Dès lors, il nous semble raisonnable d’opter pour une approche beaucoup plus graduée, tant en termes de périmètre de données que de clients. En effet, une réglementation est par définition là pour durer alors qu’une démarche d’innovation se caractérise plus par le célèbre adage « Try fast, fail/success fast » ou encore pour citer Thomas Edison : « j’ai réussi des milliers de tentatives qui n’ont pas abouti ». L’incertitude manifeste autour des cas d’usages potentiels ne peut qu’appeler à la prudence.
3. Veiller à la soutenabilité des modèles d’affaires
Le modèle de compensation de FIDA marque un progrès par rapport aux dispositions de la DSP2 et de PSR.
Cependant, l’asymétrie perdure entre le niveau de compensation qui peut se révéler très faible si l’adoption client est faible et les investissements à consentir qui se révèleront d’emblée conséquents.

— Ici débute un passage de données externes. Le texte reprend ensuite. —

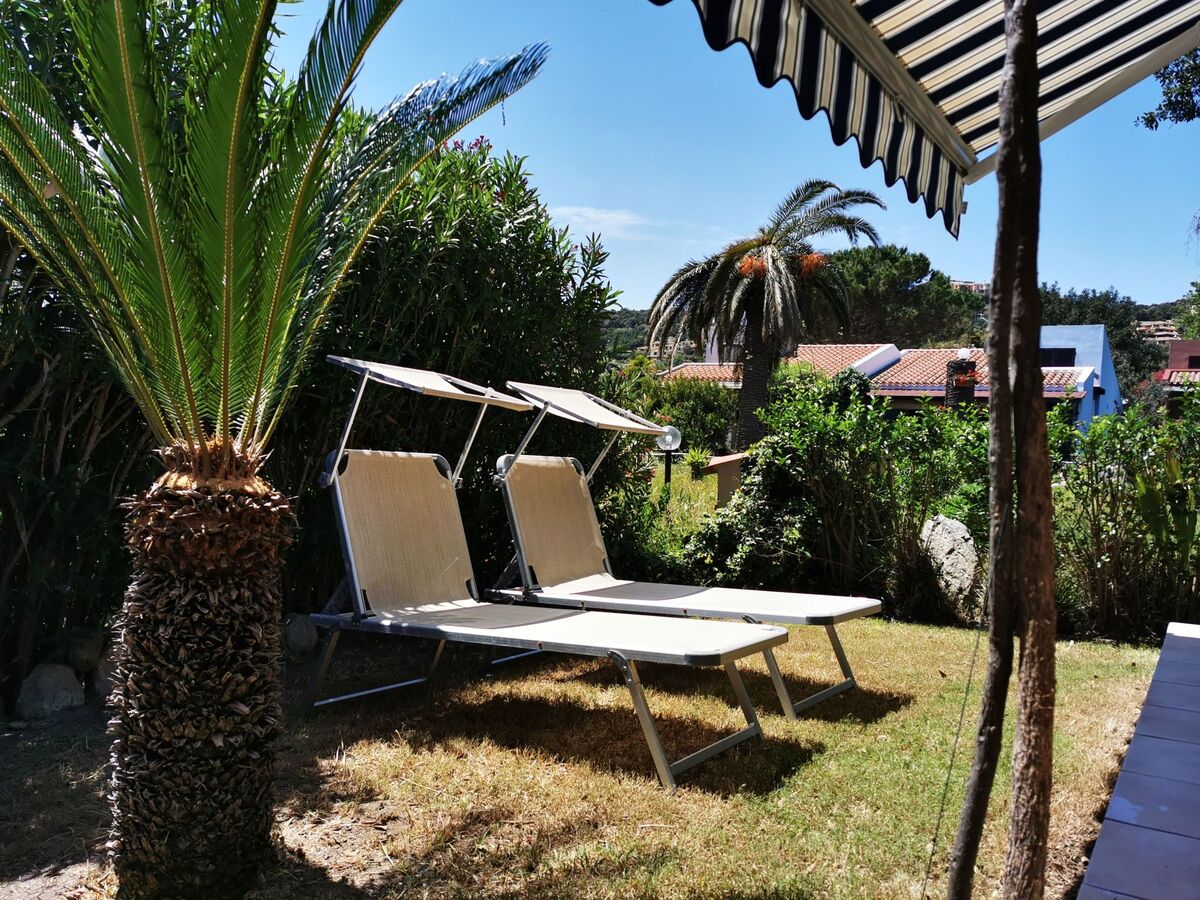 Maison à Costa Rei, 30 m de la plage avec vue mer - Photo 22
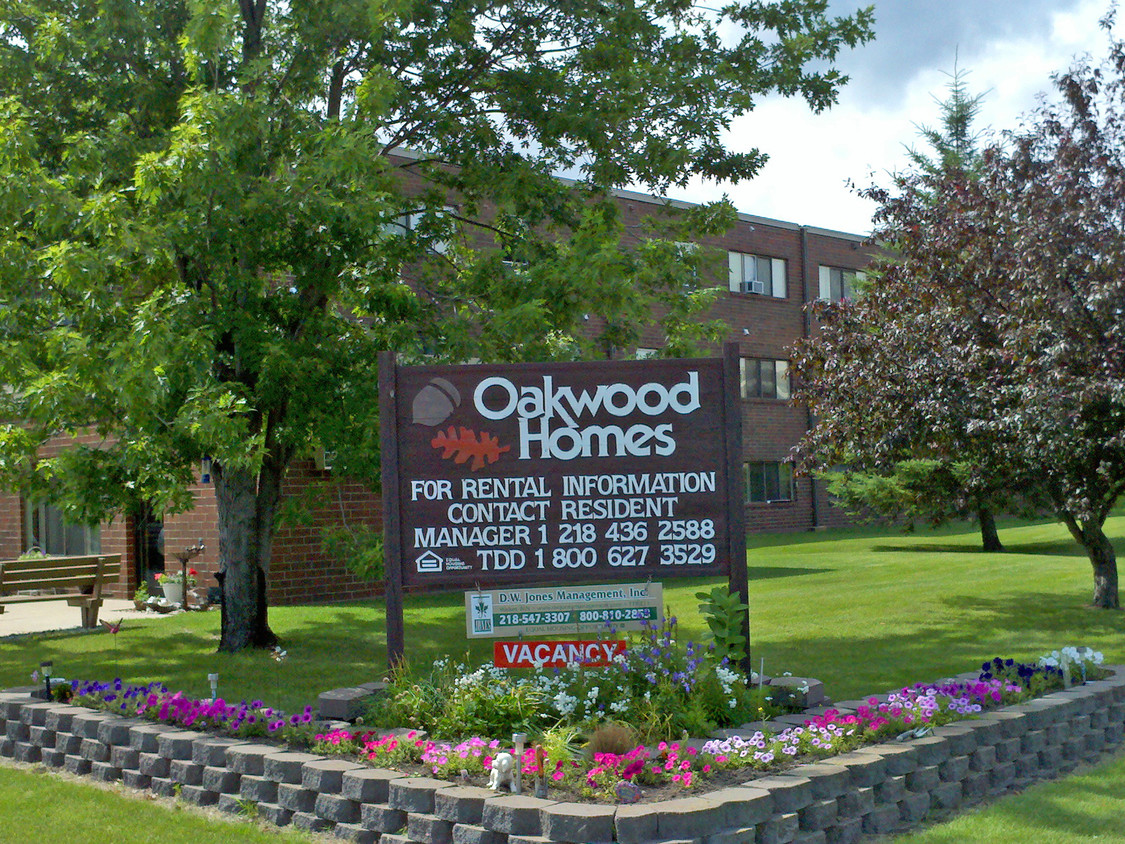 Foto principal - Oakwood Homes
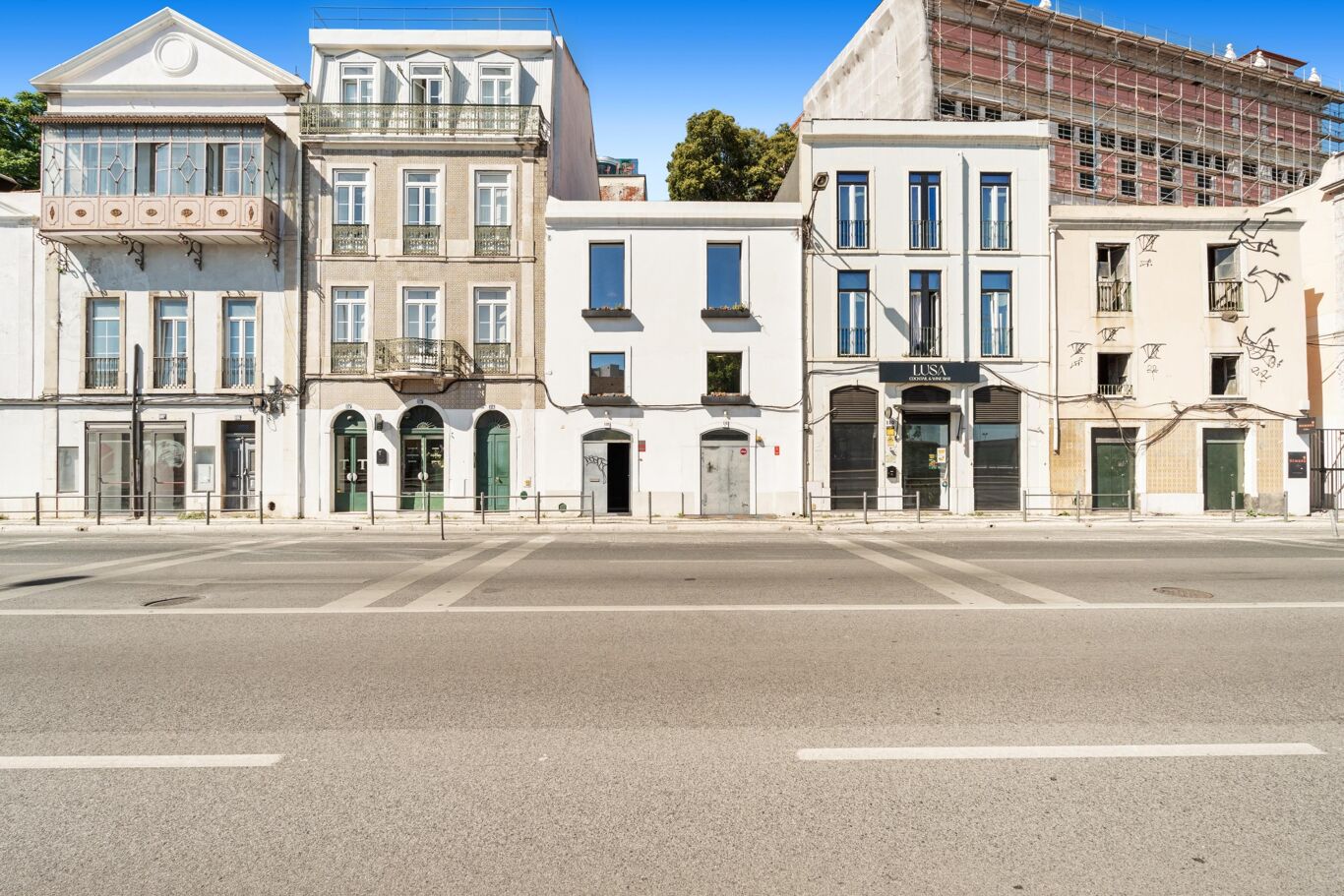 Image of Estrela, Lisboa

Sans approche pragmatique, le risque de perte de compétitivité des prestataires de services financiers est grand, leurs budgets d’investissements pouvant être plombés par des investissements improductifs résultant de la construction d’infrastructures qui largement sous-utilisées, voire inutiles...
En conclusion :
La digitalisation de l’économie progresse, entre réglementation et innovation : portefeuille européen d’identité digitale, recours accru des entreprises à l’IA pour gagner en productivité, instance de lutte contre la fraude digitale…
Parallèlement, le secteur financier est conscient de la nécessité de travailler avec des plans B en cas d’indisponibilité de l’écosystème digital : cyber-attaque, black-out, interruption de systèmes etc…

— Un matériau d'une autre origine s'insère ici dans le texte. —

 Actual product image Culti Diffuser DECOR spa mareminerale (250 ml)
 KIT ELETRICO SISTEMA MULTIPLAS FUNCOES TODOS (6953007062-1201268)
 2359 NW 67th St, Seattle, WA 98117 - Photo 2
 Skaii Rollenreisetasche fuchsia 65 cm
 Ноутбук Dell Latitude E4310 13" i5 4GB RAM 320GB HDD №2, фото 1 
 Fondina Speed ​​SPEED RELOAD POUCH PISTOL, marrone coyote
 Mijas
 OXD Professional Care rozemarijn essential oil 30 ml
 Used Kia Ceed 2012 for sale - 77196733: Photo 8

Laissons les entreprises du secteur financier libres d’expérimenter et de choisir l’usage qu’elles veulent faire de leurs données pour servir au mieux leurs clients dans leur expertise cœur : accorder des crédits, assurer et protéger en mutualisant les risques, construire des produits d’épargne performants…Elles ont les moteurs les plus puissants qui soient : satisfaction client, développement de services à valeur ajoutée et rentabilité. Sachons dimensionner l’effort à la mesure de l’incertitude et calibrons mieux notre prise de risque collective !
1Le Conseil de l'Union européenne est, avec la Commission européenne et le Parlement européen, l'un des trois piliers du processus législatif européen. Il réunit les ministres des Etats membres par domaine d'activité. Sa présidence tournante est assurée par un Etat membre pendant 6 mois.
2Directive européenne relative aux services de paiement
3 Autorité de Contrôle Prudentiel et de Résolution : Adossée à la Banque de France, l'ACPR est en charge de l’agrément et de la surveillance des établissements bancaires, d’assurance et de leurs intermédiaires, dans l’intérêt de leurs clientèles et de la préservation de la stabilité du système financier.